*Work instructions*
Please filter the data below down to the lines holding the string "Greek".

*Available data*
━━━━━━━━━━━━━━━━
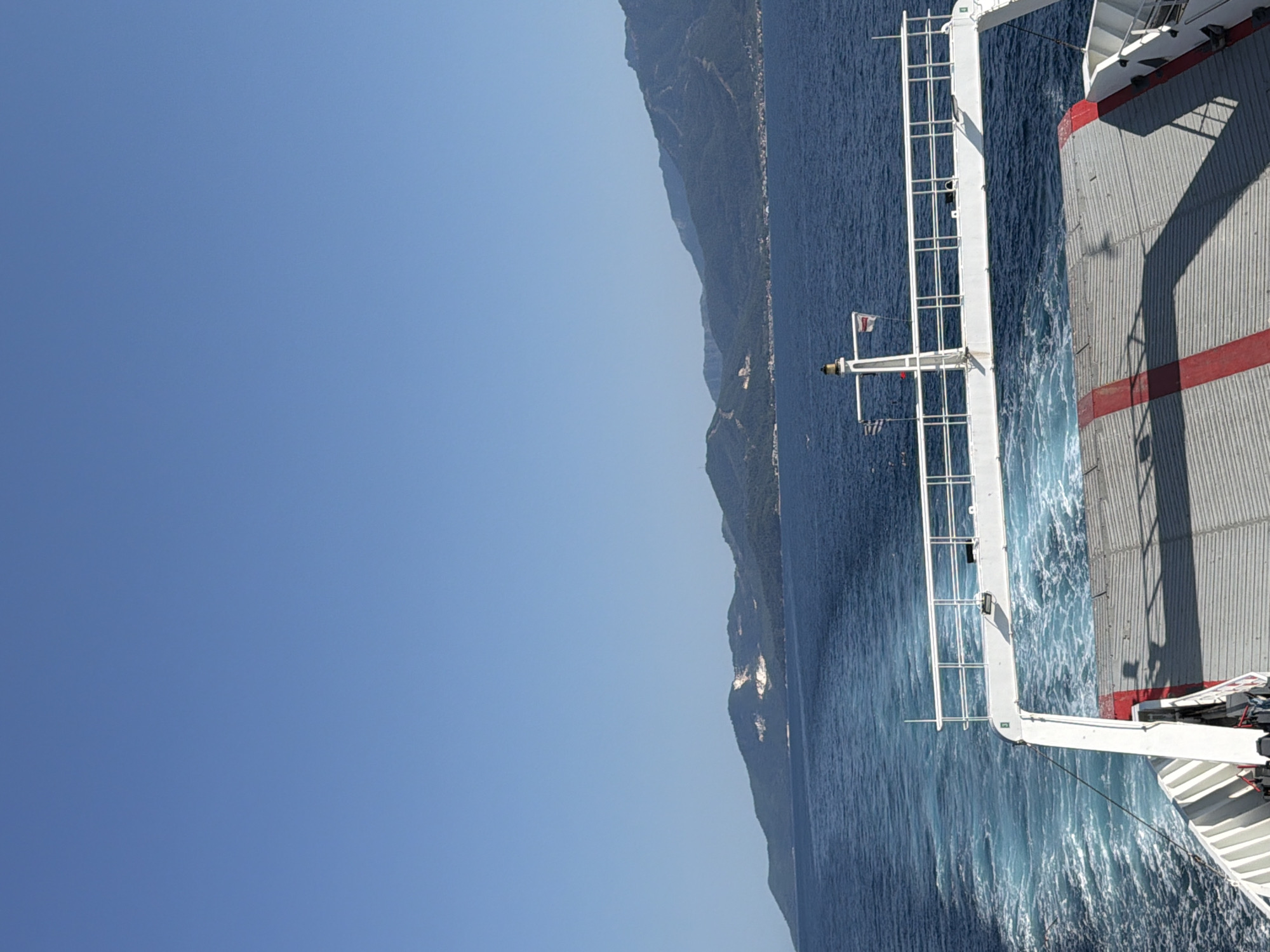 This is a vertical, medium-shot photograph taken from the deck of a ferry, looking out towards a coastline with mountains. The sky is a clear, bright blue, indicating a sunny day. The sea is a deep blue, with white wakes trailing behind the ferry.
The ferry's structure is visible on the right side of the image, with grey metal siding and red stripes. A white metal railing runs along the side of the ferry, extending into the water. Two flags are visible on a pole attached to the ferry: one is a white flag with a red cross, and the other appears to be the Greek flag. The shoreline, characterized by lush green mountains and some scattered buildings, is visible in the distance on the left.
The overall scene suggests a leisurely journey on a ferry under clear skies. The lighting indicates it is daytime. The location is Keramoti, Greece, which aligns with the mountainous coastline and the presence of the Greek flag. There is no visible text in the image.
━━━━━━━━━━━━━━━━
*Exercise answer*
The ferry's structure is visible on the right side of the image, with grey metal siding and red stripes. A white metal railing runs along the side of the ferry, extending into the water. Two flags are visible on a pole attached to the ferry: one is a white flag with a red cross, and the other appears to be the Greek flag. The shoreline, characterized by lush green mountains and some scattered buildings, is visible in the distance on the left.
The overall scene suggests a leisurely journey on a ferry under clear skies. The lighting indicates it is daytime. The location is Keramoti, Greece, which aligns with the mountainous coastline and the presence of the Greek flag. There is no visible text in the image.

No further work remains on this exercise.